Estados Unidos
Melania, la última estrella de la bandera de Trump
Tras los comentarios sexistas del republicano, el electorado femenino ha desertado de sus filas; sin embargo, su fiel esposa bandea la tormenta
Tras los comentarios sexistas del republicano, el electorado femenino ha desertado de sus filas; sin embargo, su fiel esposa bandea la tormenta
Para Donald Trump la fama es una tamborrada a mayor honra de su pijo, al que venera con delectación de bonobo. El simio en jefe, adicto a la frase gruesa, iba de escándalo en escándalo, subiendo en las encuestas, hasta que el gag envejeció y comenzó a reportarle bajas. La televisión socarra. Nadie aguanta el escrutinio de los medios 24 horas al día y escribe cientos de tuits a la semana sin acabar sonado. Entre los desertores más conspicuos del ejército Trump figura uno de los grupos más cotizados por cualquiera que aspire a la victoria.
Desde que fue cazado en compañía de un periodista pariente de los Bush, desde que circulan los comentarios de 2005 en los que el hoy hipotético presidente ronea de que la fama transforma a las damas en grupies, las mujeres maduras, especialmente las amas de casa del Medio Oeste, fieles seguidoras de los republicanos, contemplan al rubio del peluquín con la prevención de un cuidador recién llegado al zoológico al que le explican que hoy toca alimentar a las cobras. Ni hablar ya de las estudiantes universitarias y/o las profesionales de las dos Costas, horrorizadas por el señor viagra y sus coplas de King Kong.

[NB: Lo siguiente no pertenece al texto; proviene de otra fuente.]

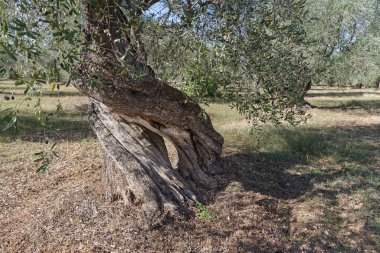 Asırlık ağaç gövdesi, Puglia, İtalya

A estas alturas al viejo Donald sólo le queda Melania, la fiel y guapa Melania, la modelo de Sevnica, Eslovenia, nacida en 1970, que lo mismo se asegura pasar a la historia al fusilar un antiguo discurso de Michelle Obama, que acude a los debates con una camisola fucsia, posa en alguna de las mansiones de la pareja, juega al golf en Escocia o fotografía Central Park desde su jet privado. Ni siquiera en los días en que Donald ejercía de rey de la telebasura o presentaba quiebras sin pausa sufrieron tantos ataques combinados. Es que no es igual dirigir un concurso que aspirar a sentarse en el Despacho Oval y pasear el maletín con los códigos nucleares.
La última barrera
El fuego racheado que afronta la pareja ha dejado a Melania aterida en su papel de esposa del gran visir. Enfrentada al resto del mundo, Melania ni parpadea ni deja de sonreír, pero resulta complicado bromear con las cámaras como si nada hubiera ocurrido cuando tu consorte mete la pezuña en cada charco a su paso. De ser la guapa oficial, misteriosa y maciza, Melania ha pasado a ejercer de última barrera o cortafuegos antes de que Trump se convierta definitivamente en intocable.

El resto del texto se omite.